Permettetemi un’altra considerazione, sempre tornando a quel che succedeva al tempo, ancora vicinissimo, della pandemenza. Vi ricordate? Le autorità governative, ministro Speranza in primis, si compiacevano dei buoni cittadini che, solleciti del pubblico bene, non esitavano a denunciare alle autorità competenti i vicini di casa che, per festeggiare qualche ricorrenza, avevano invitato nel loro appartamento un numero di persone eccedente quanto consentito dai famigerati DPCM di quel mentecatto di Conte. Era visto di buon occhio, dalla gran massa della popolazione prona alle ingiunzioni di un governo infame e alle farneticazioni dei sedicenti “scienziati” da salotto televisivo, chi, vedendo all’aperto qualcuno a viso scoperto, magari in una strada o in una piazza semideserte, gli urlava:”Mascherina!”, compiacendosi con sé stesso per essersi comportato da buon cittadino che redarguisce, per il pubblico bene, chiunque trasgredisca la legge. Ma quale legge? Un DPCM di quel mentecatto di Conte o un DPR di quel recidivo delinquente di Draghi (Vi ricordate? “Se ti vaccini non ti contagi, se non ti vaccini muori e fa morire”. Questo, a casa mia, si chiama procurato allarme, diffusione di notizie false esagerate e tendenziose atte a turbare l’ordine pubblico, falso ideologico. Ce n’è per qualche annetto di galera). A me è capitato di essere in fila per una prenotazione d’un esame clinico all’ospedale. Ero a un po’ meno di un metro di distanza dal signore che mi precedeva. Il quale, dopo una misurazione a occhio, con fiero cipiglio mi invitò ad allontanarmi di qualche passo, indicandomi, su un manifesto affisso alla parete, la norma che imponeva di mantenere una distanza di un metro. Non un centimetro di meno, veh!! Perché altrimenti il virus ti salta addosso. 

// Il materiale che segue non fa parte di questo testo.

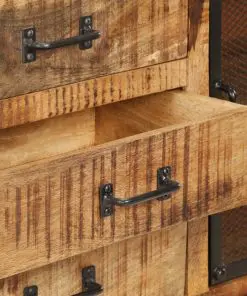 vidaXL Sideboard 100x31x60 cm Solid Rough Mango Wood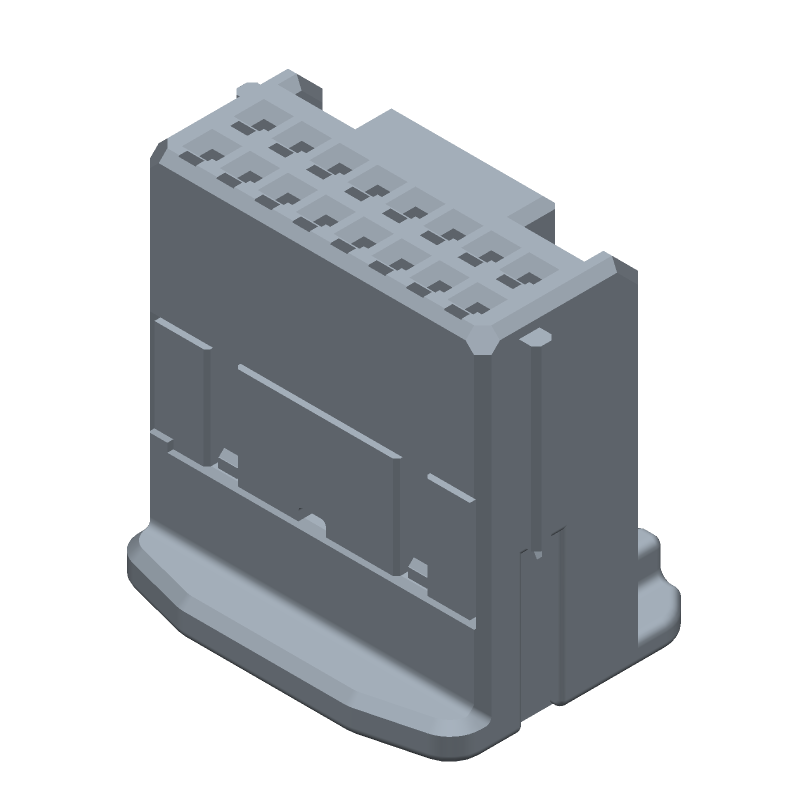 16 Pos Wire-to-Wire Plug Housing, PBT, Black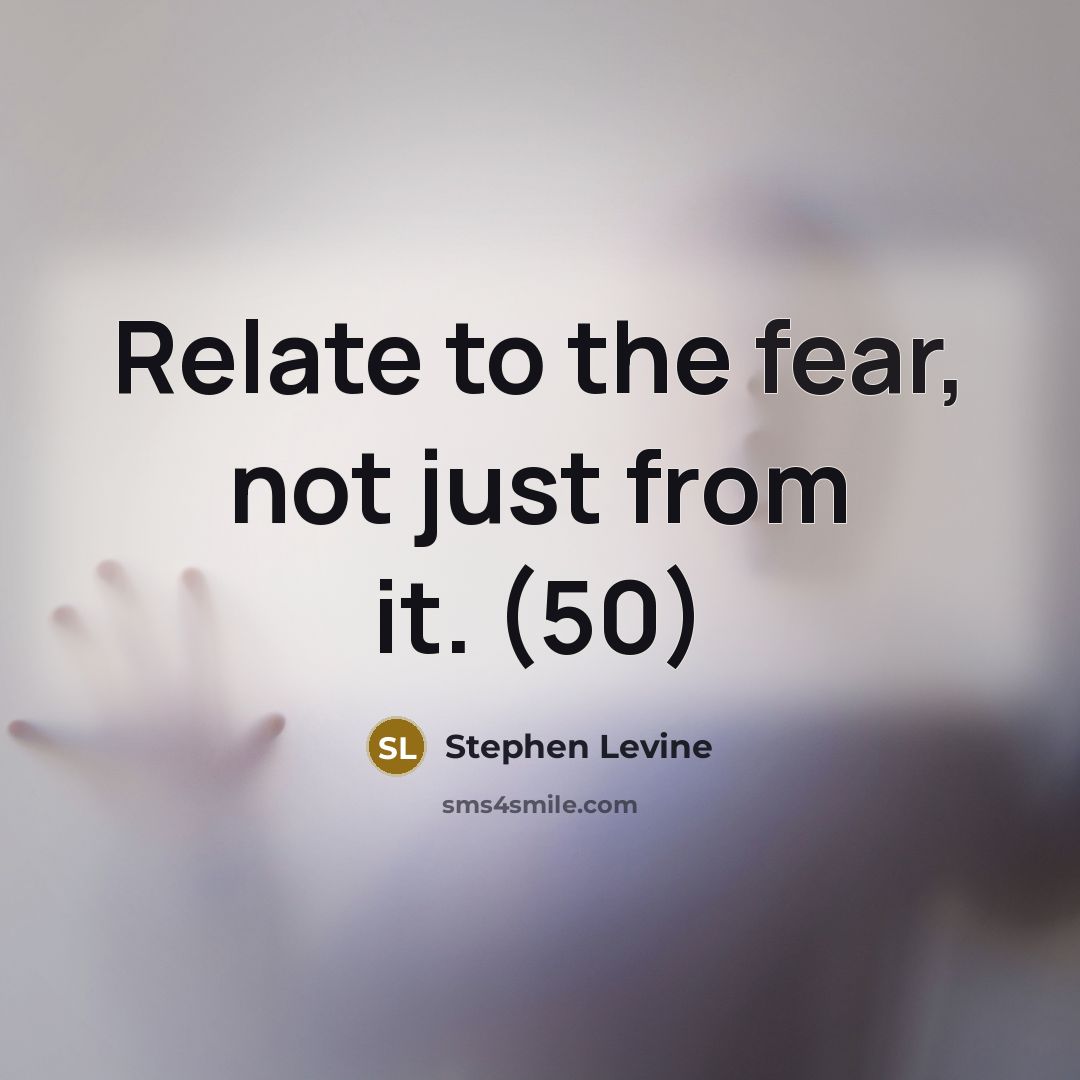 “Relate to the fear, not just from it. (50)…” quote by Stephen Levine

Ecco, tutti quei deficienti erano salutati come cittadini seri e responsabili. Chi invece filma i veri delinquenti è un violento che attenta alla riservatezza del suo prossimo. Nell’ antica Atene i delatori dei contrabbandieri di fichi erano chiamati “sicofanti”. Erano odiatissimi dalla popolazione, tant’è vero che il sanguinario governo dei Trenta Tiranni sulle prime godette di qualche consenso anche perché aveva promesso di togliere di mezzo quei loschi figuri. Oggi i sicofanti sarebbero ben visti. Chi invece mette alla gogna i veri delinquenti rischia di essere bollato peggio dei sicofanti.